## What you have to do
Give back each entry unchanged, minus pictures.

## Data records
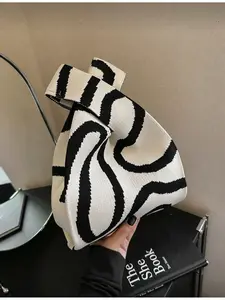 1 Geometric Pattern Crochet Tote Bag Mini Beach Bag for Vacation Summer Must Have Stylish Handbag Travel Accessories Textured Bag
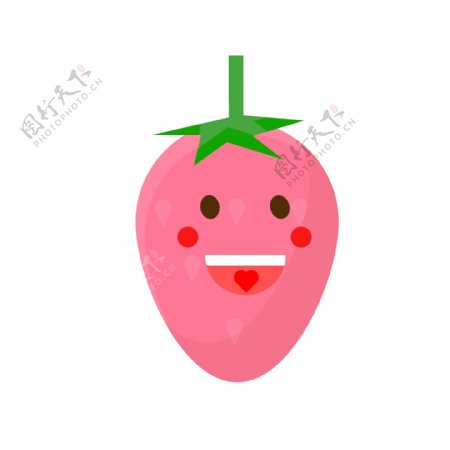 蔬菜水果草莓粉色可爱卡通形象手绘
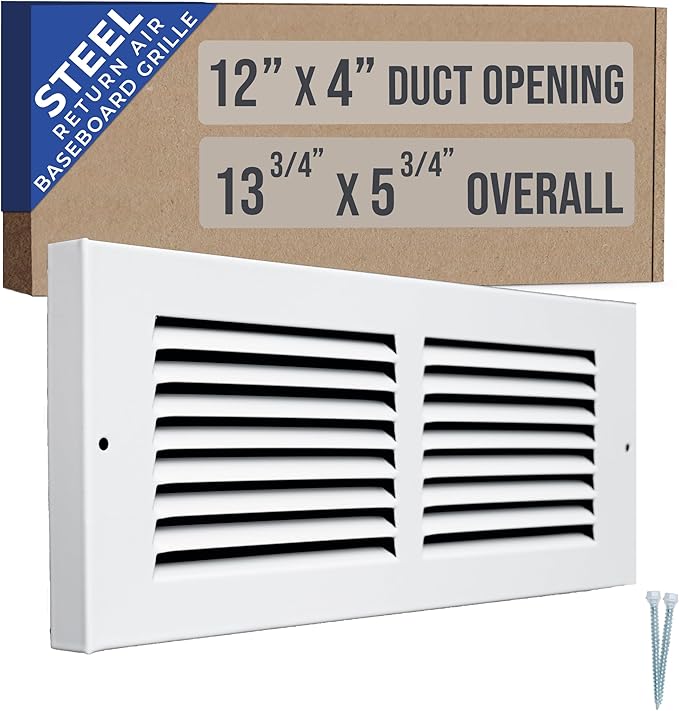 Fits 12x4 Duct Opening | Steel Baseboard Return Air Grille by Handua | Vent Cover Grill | 7/8" Margin Turnback [Depth] to Fit Baseboard | White | Outer Dimensions: 13.75"W X 5.75 "H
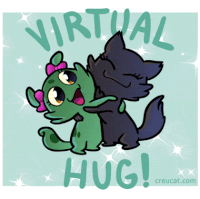 Virtual Hug Hugs Sticker - Virtual Hug Hugs Black Cat Stickers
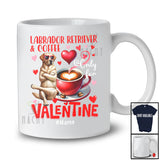 Personalized Labrador Retriever And Coffee Only For Valentine; Lovely Custom Name Single; Animal T-Shirt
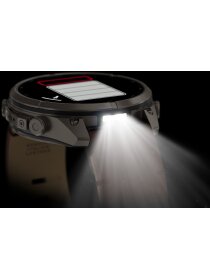 fēnix® 9 Pro – inReach®, 47mm, AMOLED Sapphire,  Titan mit Leder-Armband Walnuss + Silikon-Armband Kieselgrau/Silbergrau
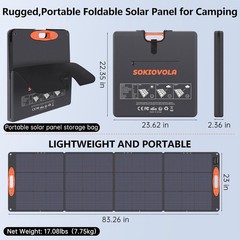 High Efficiency 220W Foldable Solar Panel for Camping & Power Stations –
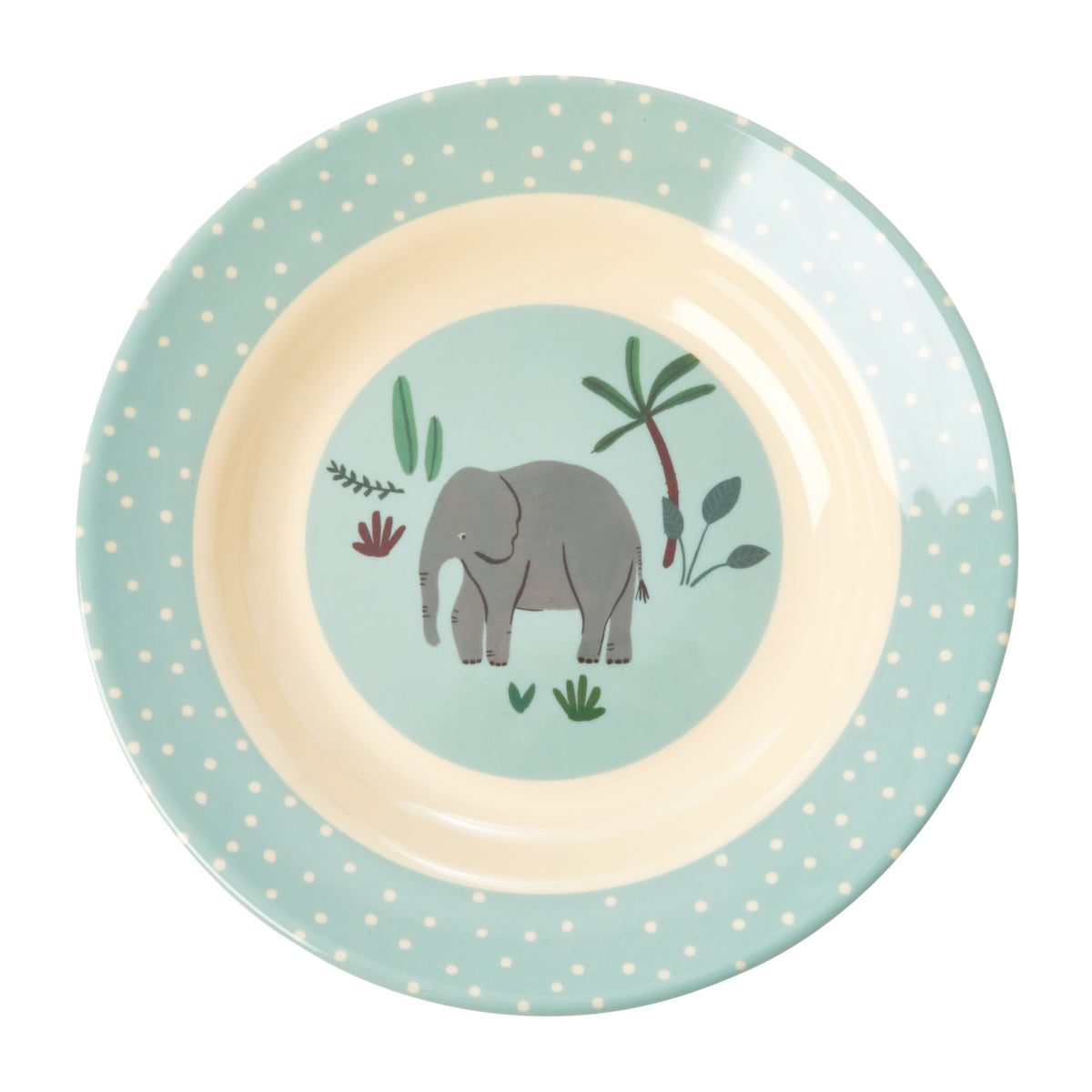 Rice  Melamin Kinderteller tief 'Jungle Animals'  Blau - Online MY SNOWFLAKE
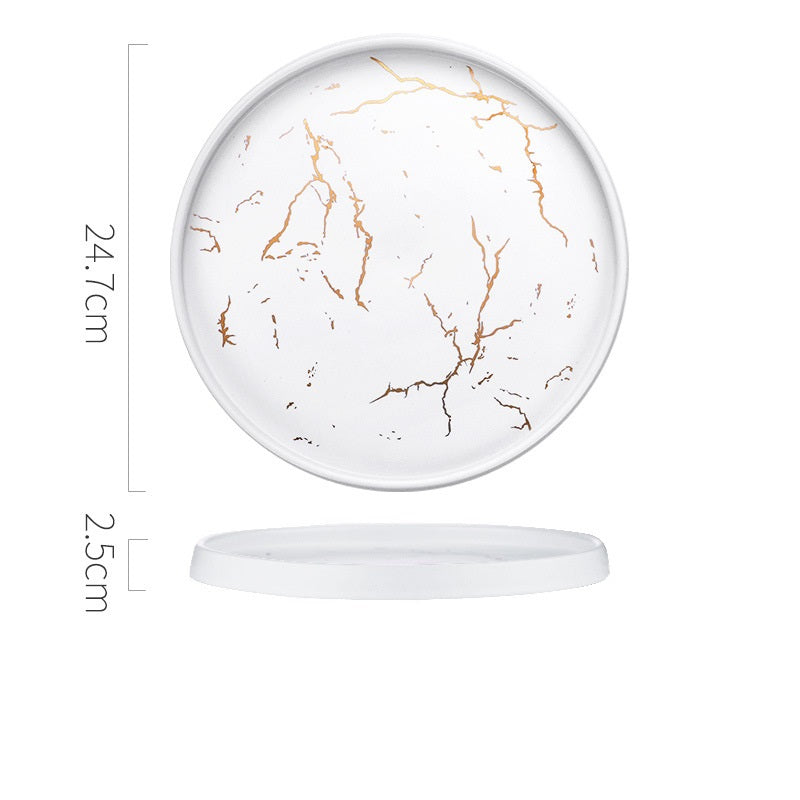 Assiette en Marbre de Style Nordique en Céramique Domestique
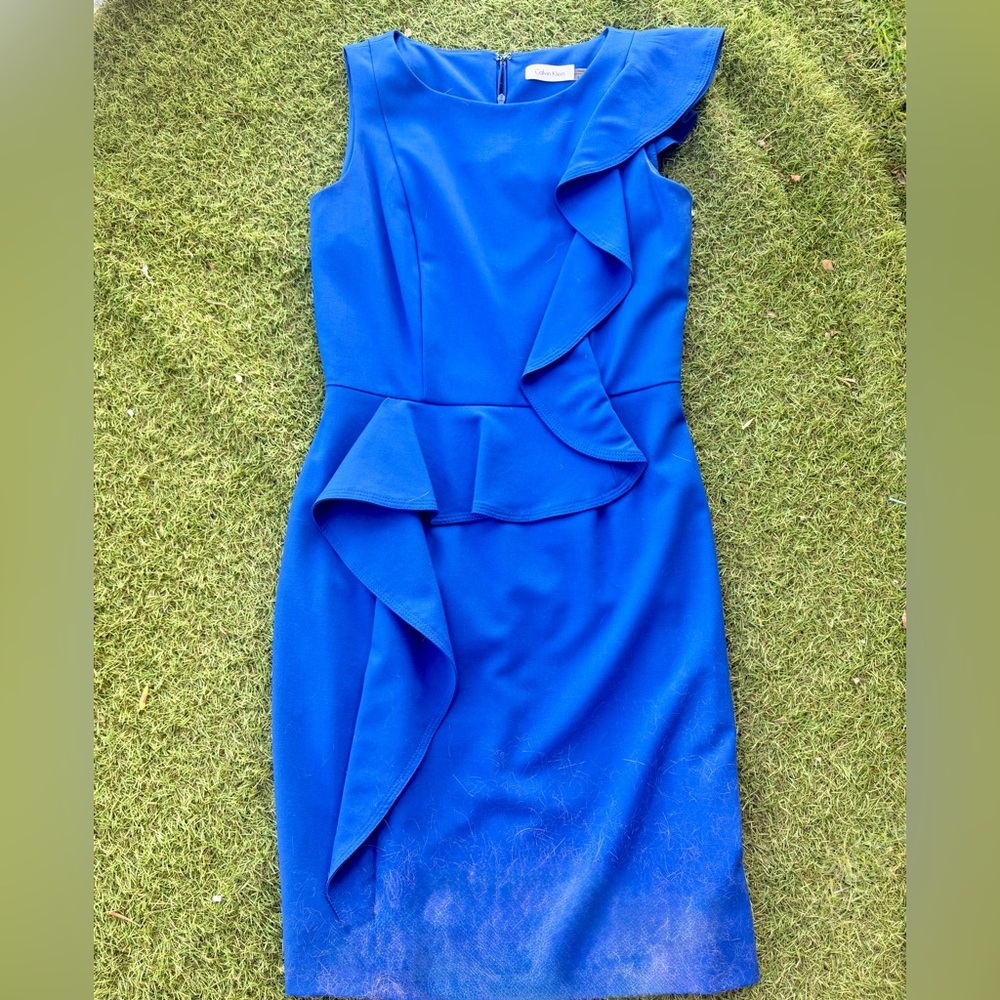 Calvin Klein One Shoulder Blue Dress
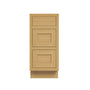 Inset Hazelnut Oak RTA 12-36"W x 34.5"H x 25"D 9-Size Base Cabinet with 3 Drawers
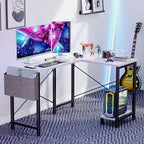 Sweetcrispy L Shaped Computer Desk - Gaming Corner 50 Inch PC White Writing Study Student Table with Wooden Desktop CPU Stand Side Bag Reversible for Home Office Room Small Space, White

## Written response
 1 Geometric Pattern Crochet Tote Bag Mini Beach Bag for Vacation Summer Must Have Stylish Handbag Travel Accessories Textured Bag
 蔬菜水果草莓粉色可爱卡通形象手绘
 Fits 12x4 Duct Opening | Steel Baseboard Return Air Grille by Handua | Vent Cover Grill | 7/8" Margin Turnback [Depth] to Fit Baseboard | White | Outer Dimensions: 13.75"W X 5.75 "H
 Virtual Hug Hugs Sticker - Virtual Hug Hugs Black Cat Stickers
 Personalized Labrador Retriever And Coffee Only For Valentine; Lovely Custom Name Single; Animal T-Shirt
 fēnix® 9 Pro – inReach®, 47mm, AMOLED Sapphire,  Titan mit Leder-Armband Walnuss + Silikon-Armband Kieselgrau/Silbergrau
 High Efficiency 220W Foldable Solar Panel for Camping & Power Stations –
 Rice  Melamin Kinderteller tief 'Jungle Animals'  Blau - Online MY SNOWFLAKE
 Assiette en Marbre de Style Nordique en Céramique Domestique
 Calvin Klein One Shoulder Blue Dress
 Inset Hazelnut Oak RTA 12-36"W x 34.5"H x 25"D 9-Size Base Cabinet with 3 Drawers
 Sweetcrispy L Shaped Computer Desk - Gaming Corner 50 Inch PC White Writing Study Student Table with Wooden Desktop CPU Stand Side Bag Reversible for Home Office Room Small Space, White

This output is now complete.